[Start of Attachment]

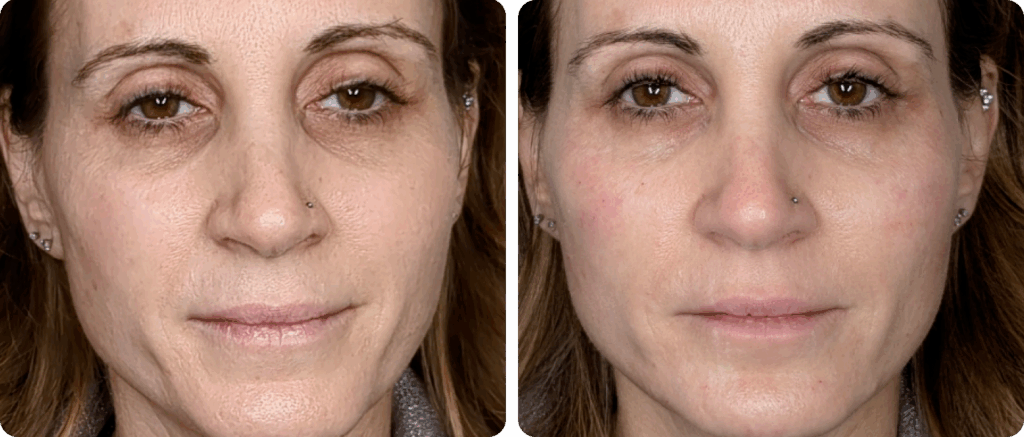 imgi_11_Frame-4-1024x437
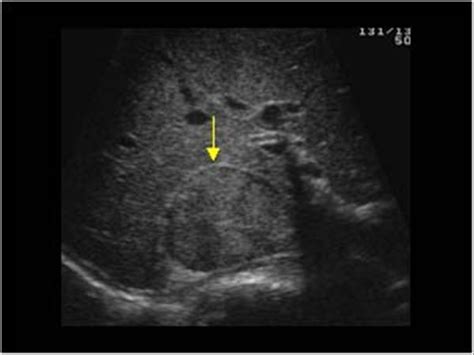 Abdomen and retroperitoneum | 1.10 Adrenal glands : Case 1.10.3 ...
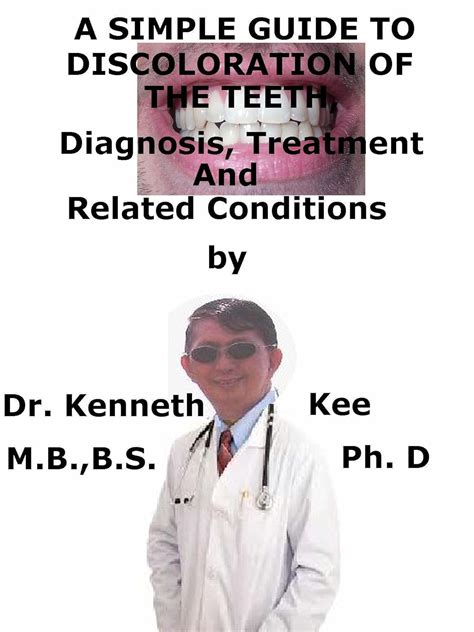 A simple guide to discoloration of the teeth diagnosis treatment and related conditions a simple guide. - Terres de la grande-anse, des aulnaies et du port-joly..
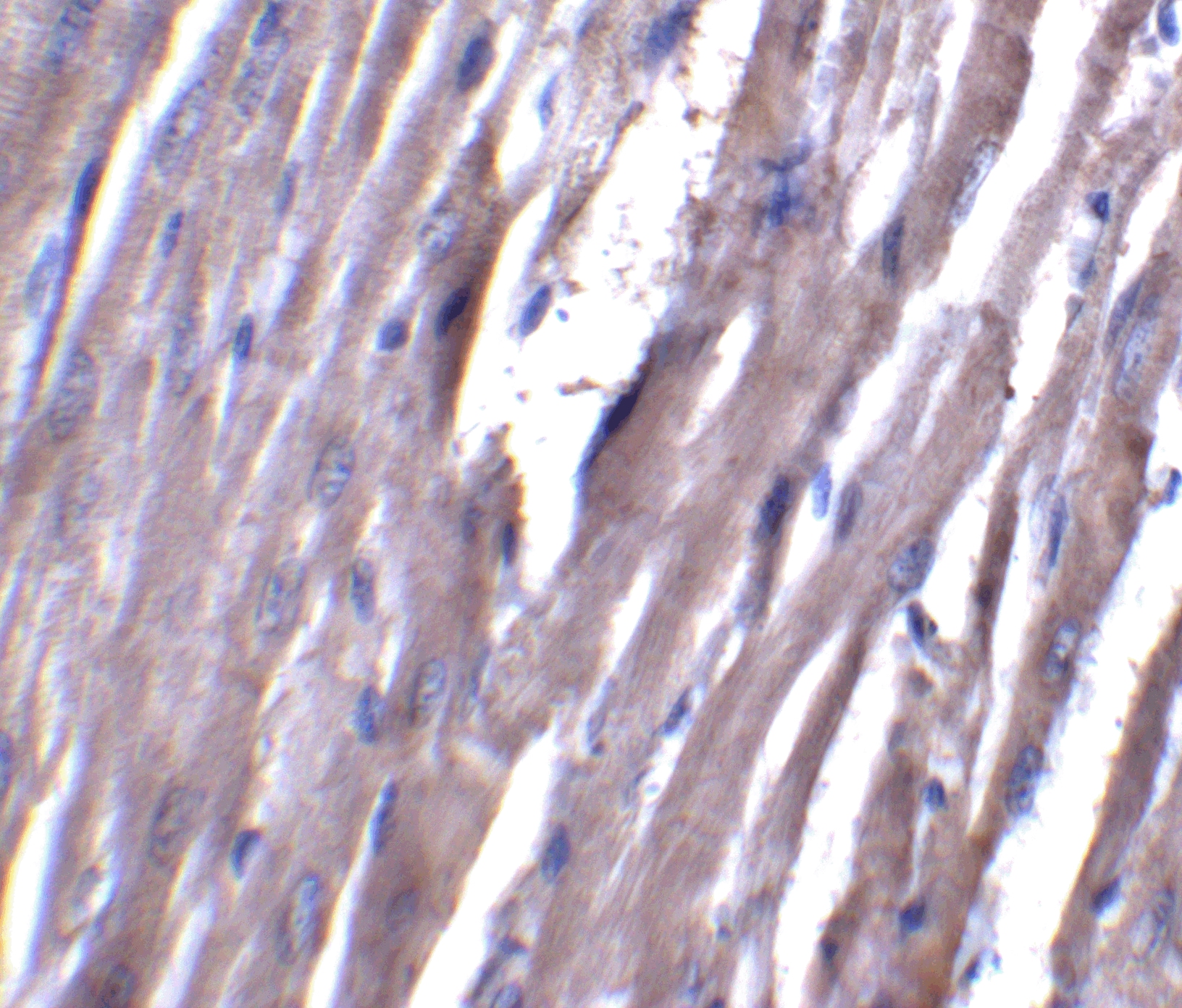 ASAH1 Antibody - BSA Free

[End of Attachment]

→ What is required
Every line from the one containing "A simple guide to" through the last line of the listing must be written out again exactly, and no other line. Leave the pictures aside.

→ Response for this exercise
 A simple guide to discoloration of the teeth diagnosis treatment and related conditions a simple guide. - Terres de la grande-anse, des aulnaies et du port-joly..
 ASAH1 Antibody - BSA Free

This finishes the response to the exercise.